#### WORK TO BE COMPLETED
With the pictures left out, retype exactly the lines below starting at the line that contains "Pixel Art Santa" and ending at the line that contains "TripWorks activity Description".

--- EXERCISE MATERIALS ---

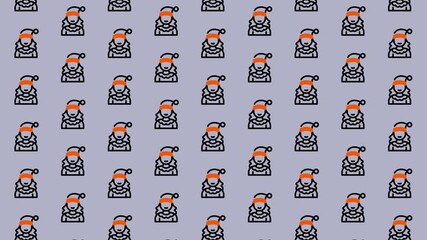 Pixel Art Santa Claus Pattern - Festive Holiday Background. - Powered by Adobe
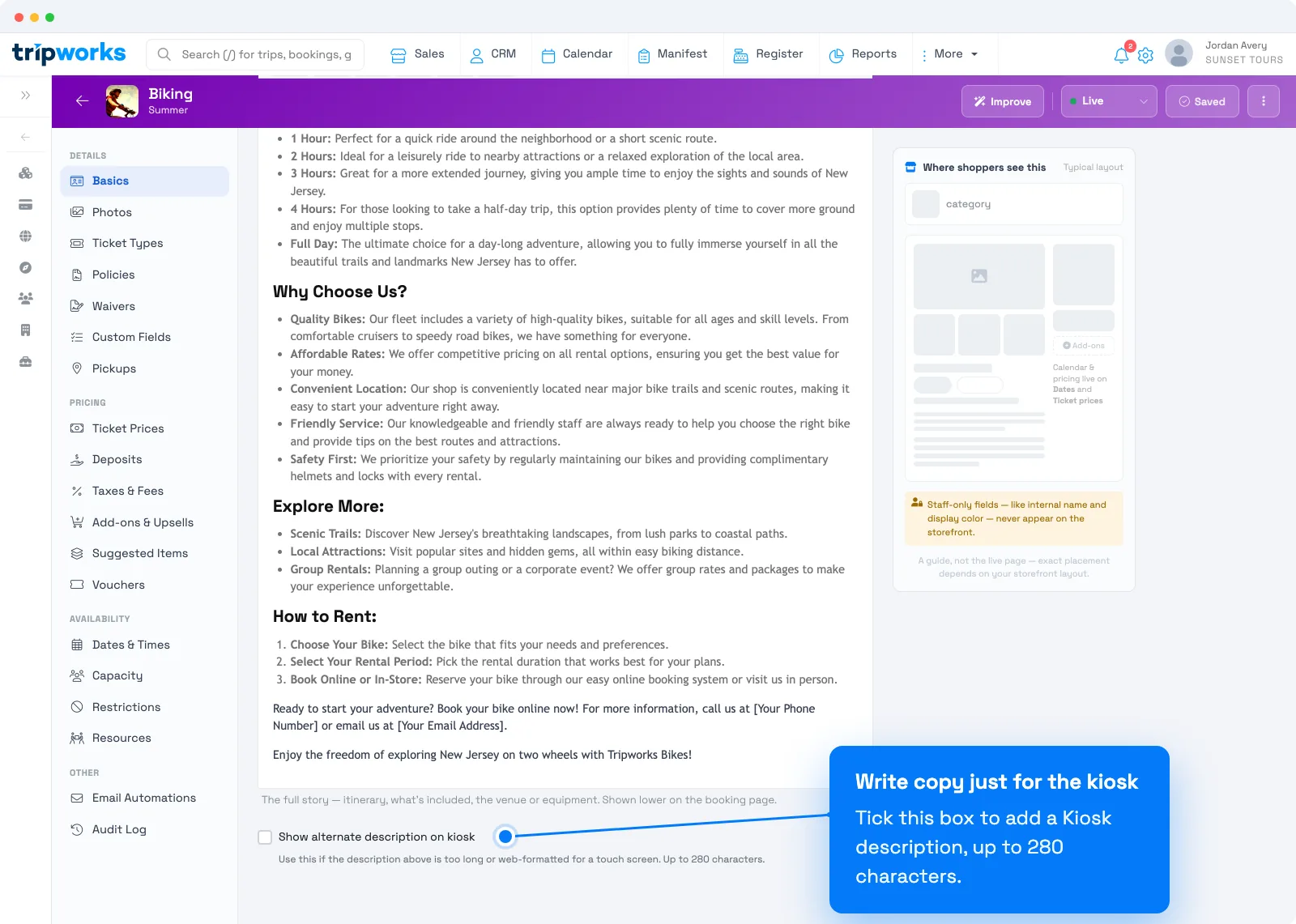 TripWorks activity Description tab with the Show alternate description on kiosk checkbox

---
--- EXERCISE MATERIALS ---

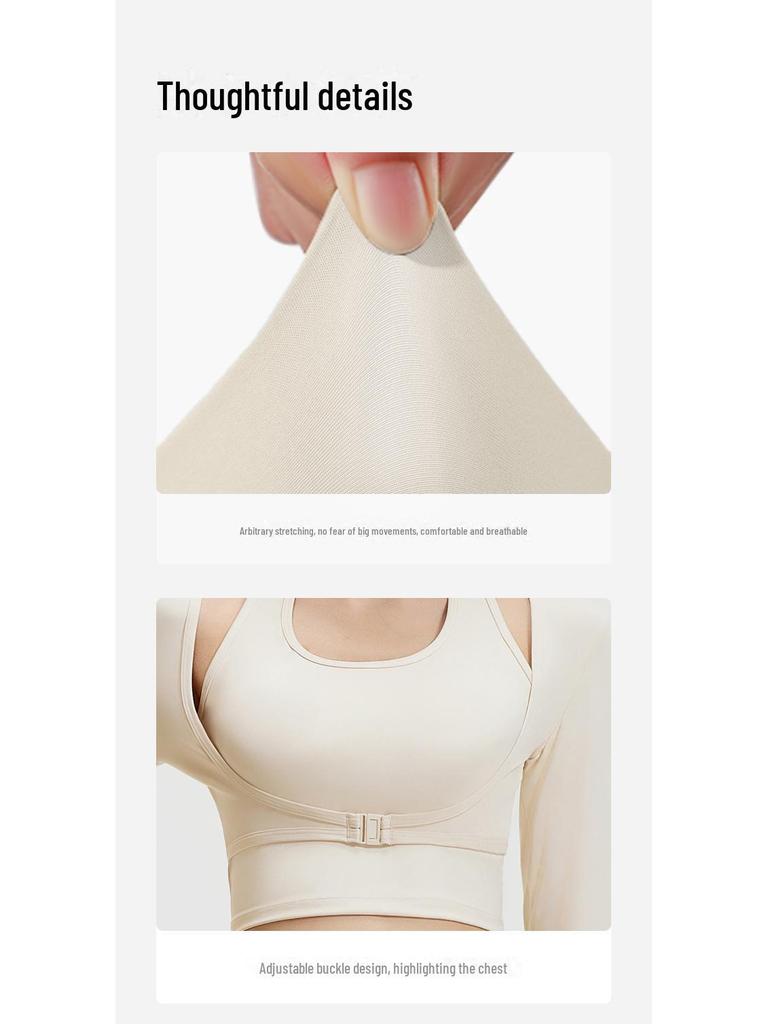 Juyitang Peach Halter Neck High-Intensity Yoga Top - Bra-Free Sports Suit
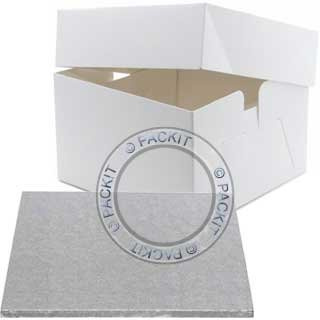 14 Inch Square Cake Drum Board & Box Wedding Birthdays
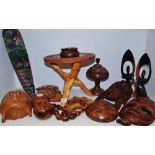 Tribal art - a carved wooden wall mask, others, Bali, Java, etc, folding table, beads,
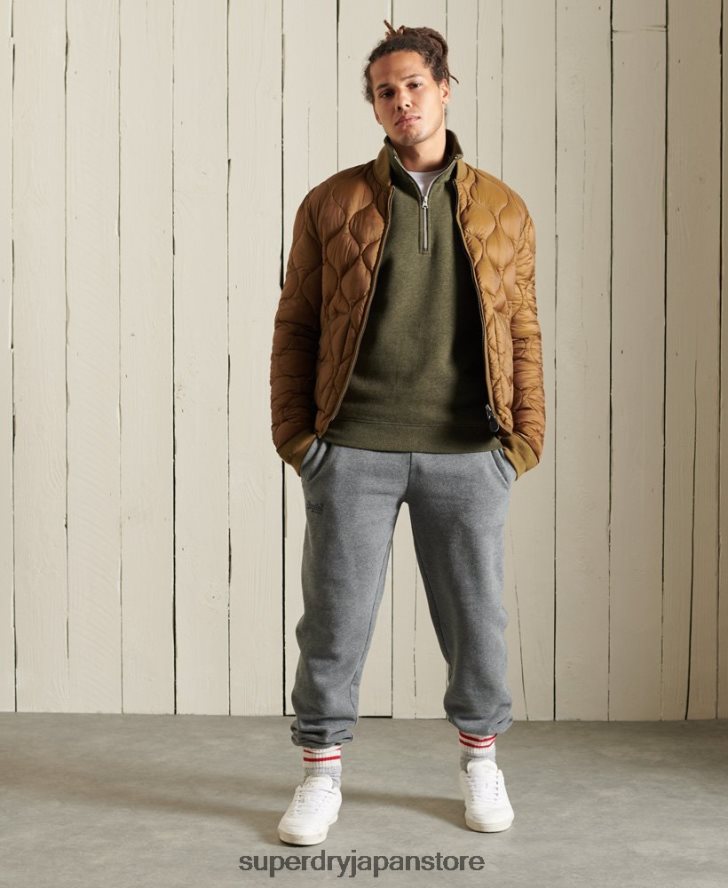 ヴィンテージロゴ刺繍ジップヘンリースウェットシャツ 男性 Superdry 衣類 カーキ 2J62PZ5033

---
--- EXERCISE MATERIALS ---

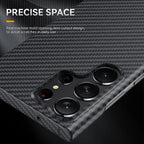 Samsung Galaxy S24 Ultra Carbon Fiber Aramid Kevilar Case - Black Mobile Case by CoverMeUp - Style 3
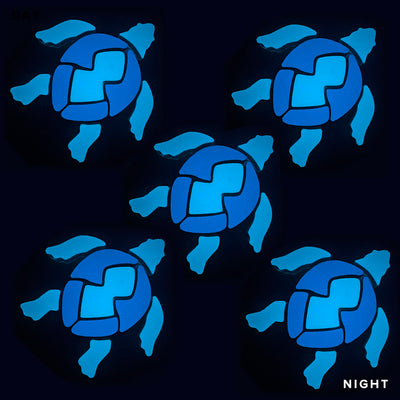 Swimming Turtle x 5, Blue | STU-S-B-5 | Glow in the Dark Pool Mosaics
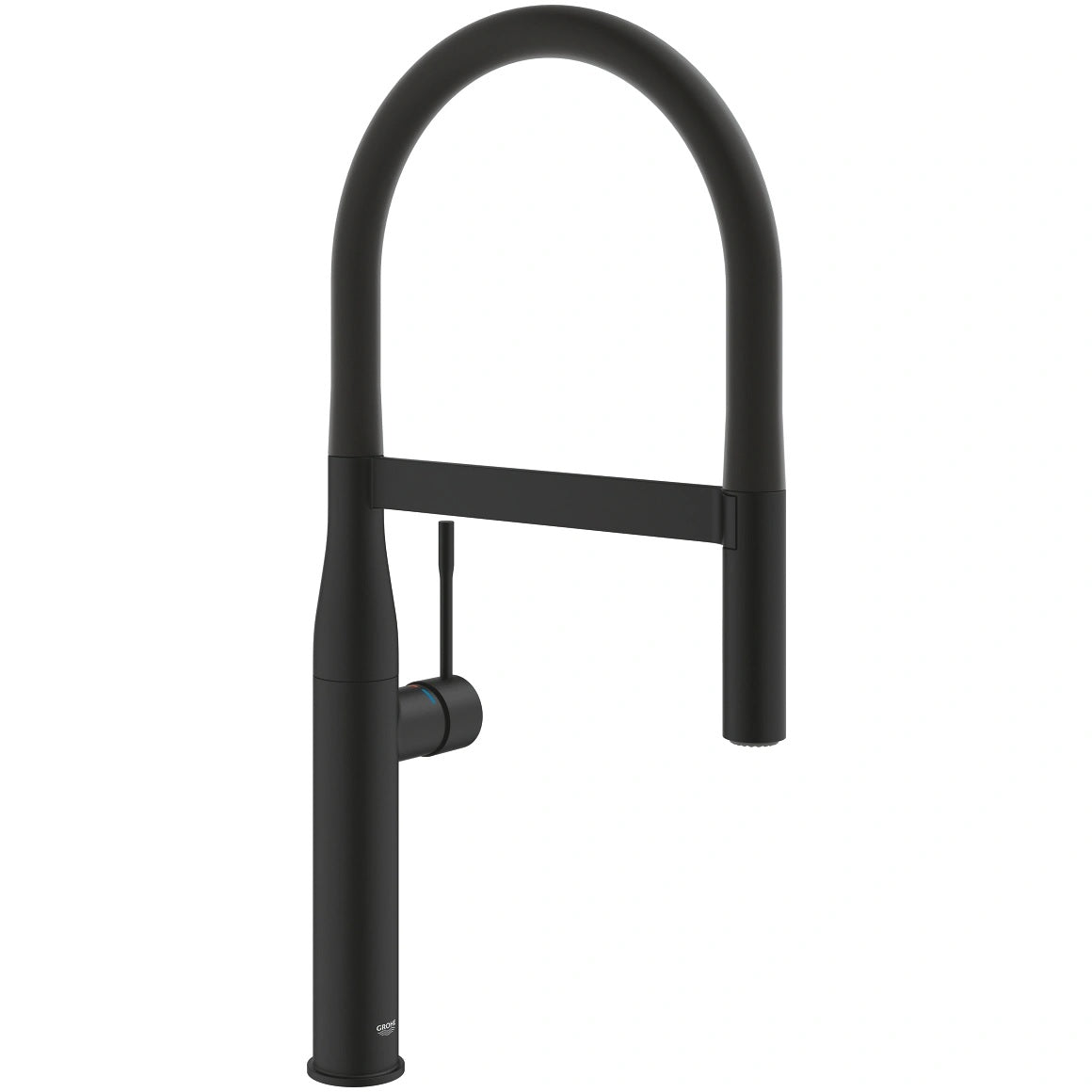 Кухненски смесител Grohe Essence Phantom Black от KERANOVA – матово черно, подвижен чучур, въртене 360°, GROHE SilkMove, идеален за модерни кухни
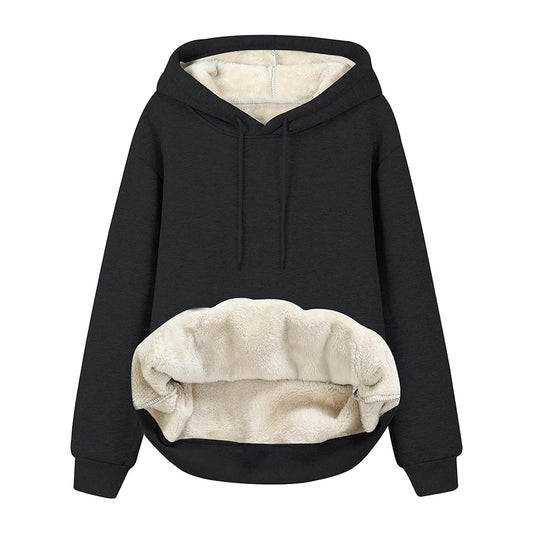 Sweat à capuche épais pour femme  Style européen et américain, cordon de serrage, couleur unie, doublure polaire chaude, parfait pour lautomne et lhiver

---

#### EXERCISE RESPONSE
 Pixel Art Santa Claus Pattern - Festive Holiday Background. - Powered by Adobe
 TripWorks activity Description tab with the Show alternate description on kiosk checkbox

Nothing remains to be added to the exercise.